RE: Bug in how capabilities

From: Linda Walsh (law@sgi.com)
Date: Wed May 31 2000 - 17:59:16 EST


> -----Original Message-----
> From: Pavel Machek [mailto:pavel@suse.cz]

> So what? I can not execute setuid shell, but I can freely do anything
> I could do with the shell. I'll add myself to
> ~root/.ssh/authorized_keys instead of running root shell. This is
> called security by obscurity.
>
> (Still it can be a little bit usefull.)
> Pavel
> --
> I'm pavel@ucw.cz. "In my country we have almost anarchy and I don't care."
> Panos Katsaloulis describing me w.r.t. patents me at discuss@linmodems.org
>

---

It's only a piece of the puzzle -- you came in via what route? A daemon running with LUID=daemon? Ooooo....LUID daemon is editing files in /root. I'd guess that would be a big-time redflag. Or say you managed to do an 'su' from user mrevil -- RT-Audit daemon (user-provided) detects that LUID=george is editing a root file, user mrevil is not in group 'wheel', or 'sysadmins' or is not in a known memory resident list of sysadmins -- bad mrevil...action:signal(SIGKILL).

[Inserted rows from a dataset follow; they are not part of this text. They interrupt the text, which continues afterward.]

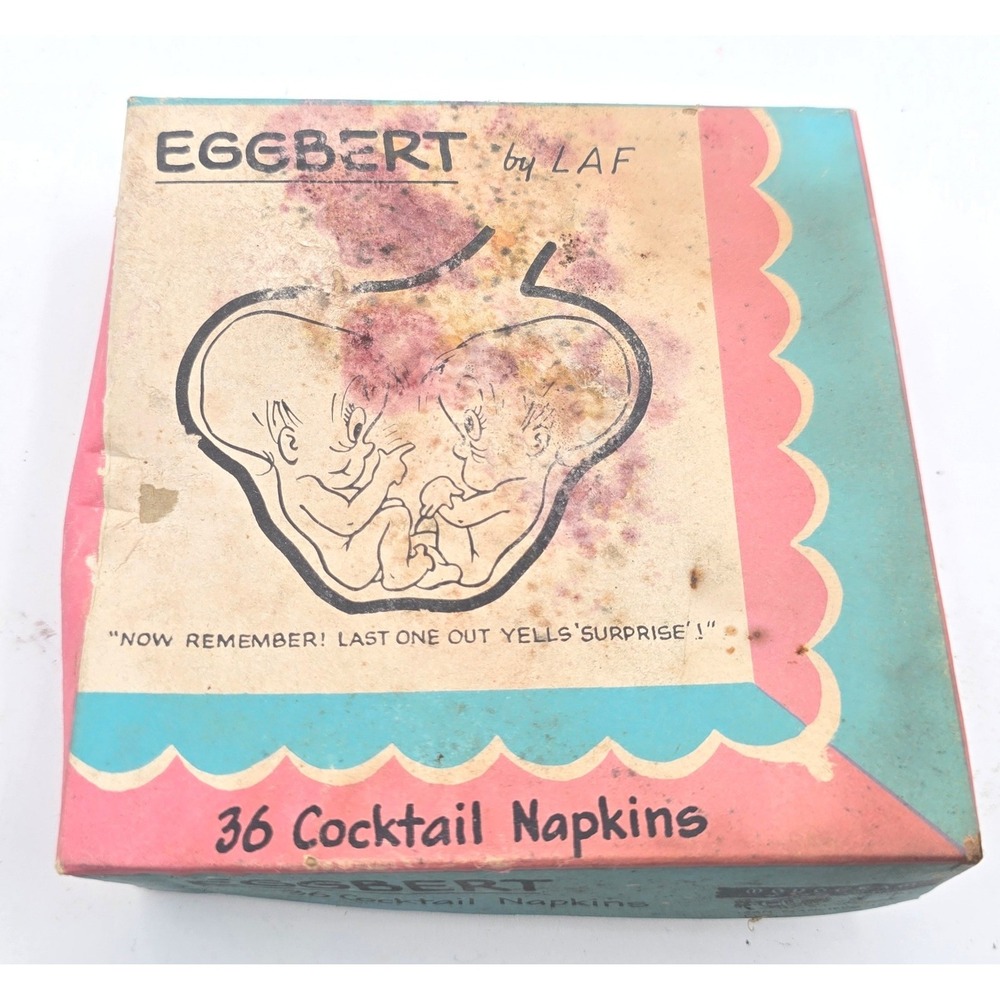 Eggbert‎ LAF Cocktail Napkins Box Set Vintage 1959 Monogram California 36 Humor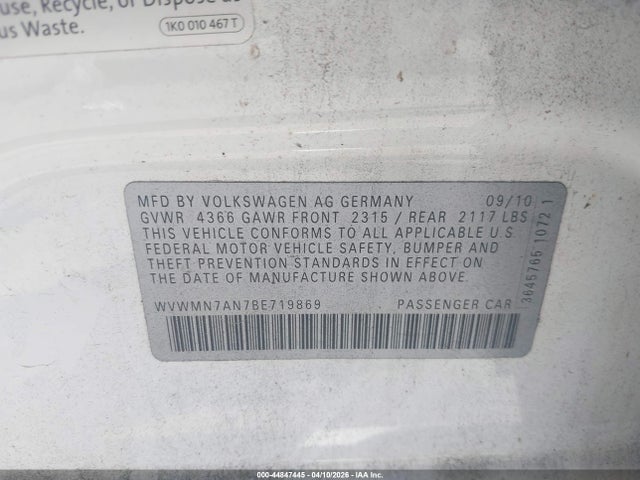 Aukcja sprzedaży 2011 Volkswagen Cc Sport, vin: WVWMN7AN7BE719869, numer aukcji: 44847445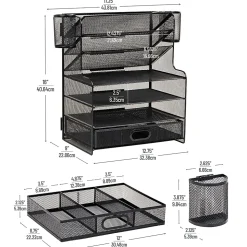 Mind Reader 6-Compartment Mesh Desk Organizer, 16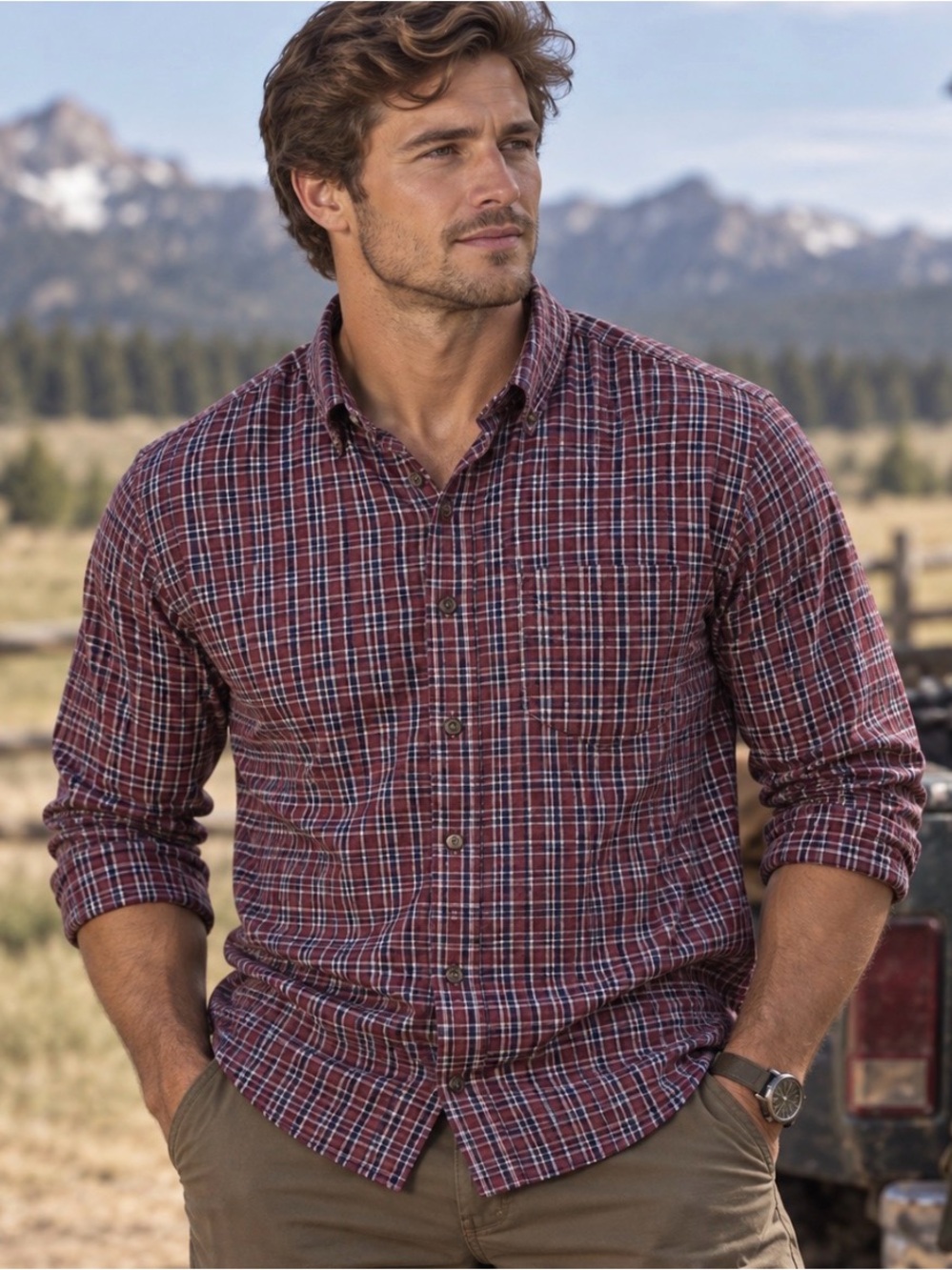 Eddie Bauer Men's Burgundy Plaid Button-Down Shirt XL
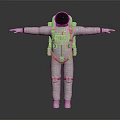 White Astronaut Spacesuit with Open Arms Design and Helmet Equipment Features 3d model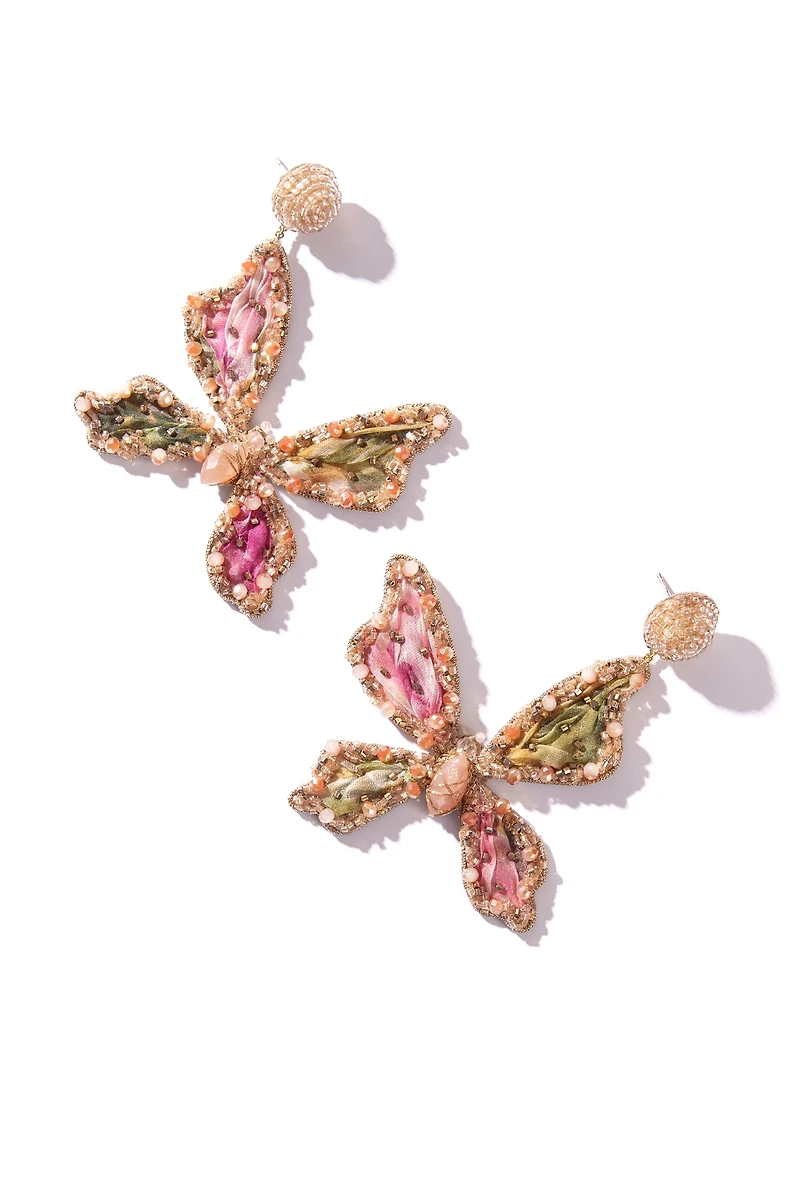 Deepa Gurnani Finna Butterfly Drop Earrings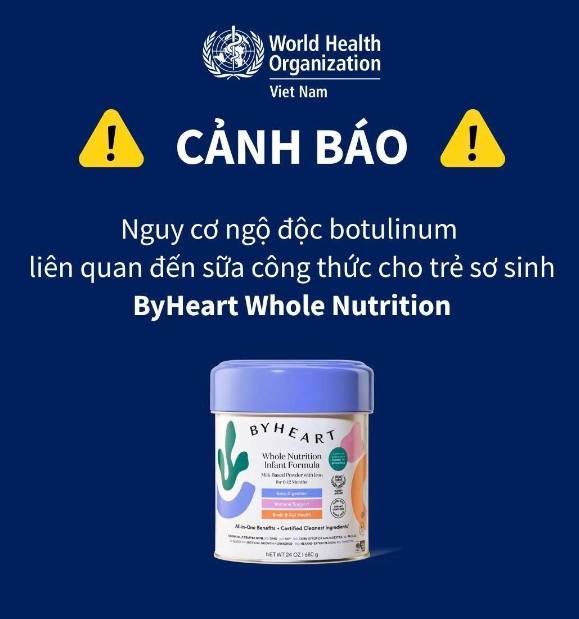 Kiểm tra, rà soát và gỡ bỏ sản phẩm sữa công thức ByHeart Whole Nutrition Infant Formula bị nhiễm khuẩn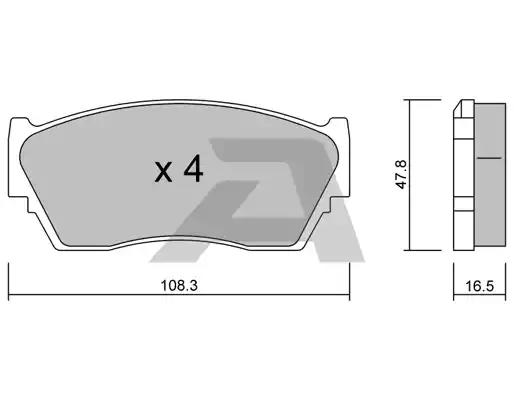 Комплект гальмівних накладок, дискове гальмо BPNI1902 AISIN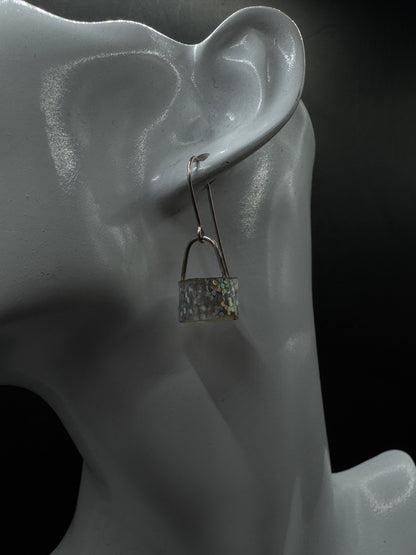 Vintage Sterling Silver Padlock Dangle Earrings – Iridescent Resin Inlay, Minimalist Lock Design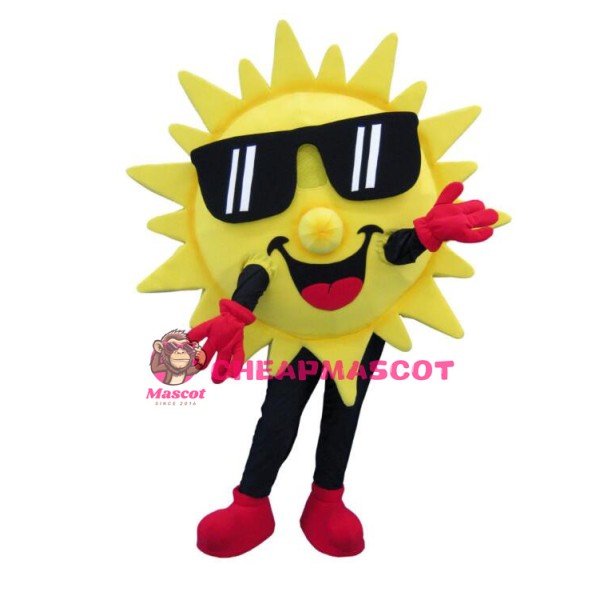 Smiling Cartoon Sun Mascot Costume With Sunglasses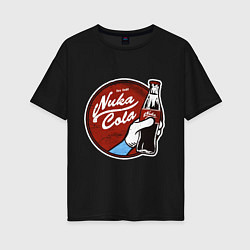 Футболка оверсайз женская Nuka cola sticker, цвет: черный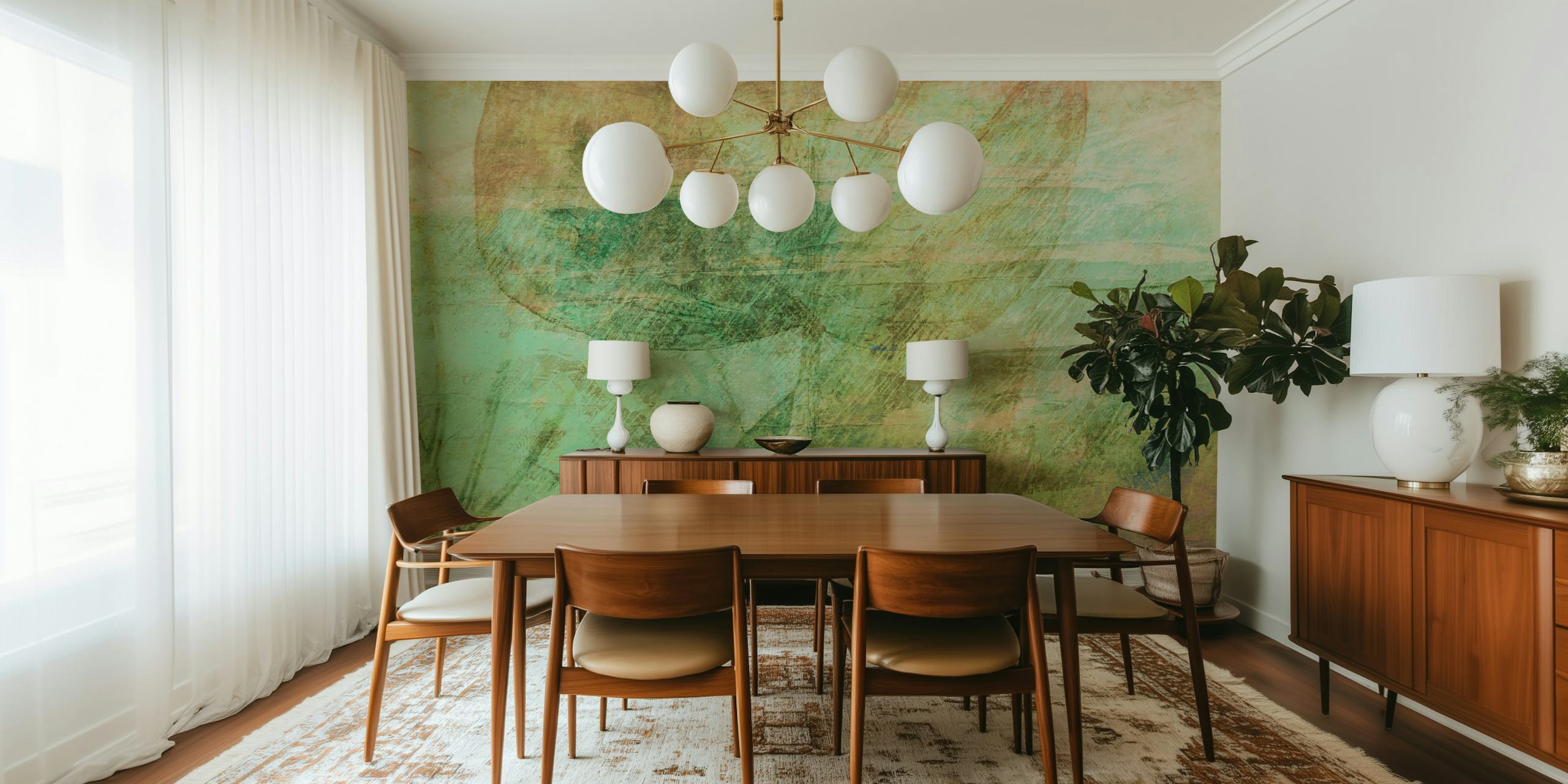 Rustic leaf brush strokes in soft green and earthy tones wallpaper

If you are looking for one solution that will solve all your problems I have nothing to offer. Think of security features like extra bits in an encryption key. The more layers (bits) you add the more difficult it is to crack system security. The only 100% secure system is one to which no one has access and nothing will cause the machine to go out of "secure state" (secure state=off). Not too useful. Using a GOOGLE-PLEX (10^(10^100) bit encryption key wouldn't be too useful neither since it'd take forever to generate. But even 512 bit keys are now vulnerable to cracking with an optoelectronic device (TWINKLE, ref. http://cryptome.org/twinkle.eps) -- meaning 1024 bit keys are next on the horizon.

I'm just wanting to get Linux *verified*/*certified* as having basic levels of security common in all large systems manufacturers -- things that are or will be required for us to enter certain marketplaces.